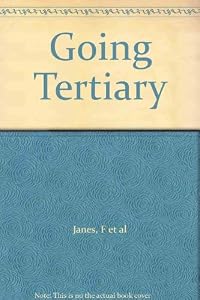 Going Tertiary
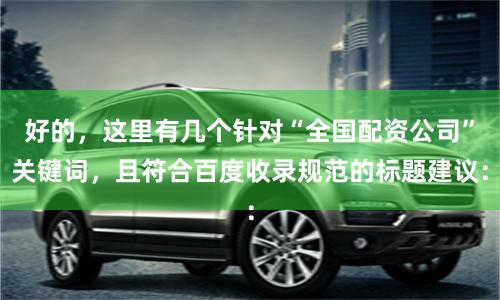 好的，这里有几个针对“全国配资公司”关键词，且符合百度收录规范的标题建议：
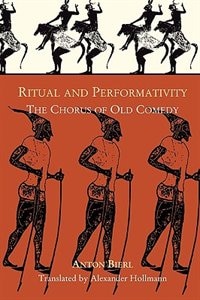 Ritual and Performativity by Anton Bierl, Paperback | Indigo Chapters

- Exercise instructions -
In your copy of the listing above, every line must match exactly and no picture may appear.

- Response for this exercise -
 Going Tertiary
 好的，这里有几个针对“全国配资公司”关键词，且符合百度收录规范的标题建议：
 Ritual and Performativity by Anton Bierl, Paperback | Indigo Chapters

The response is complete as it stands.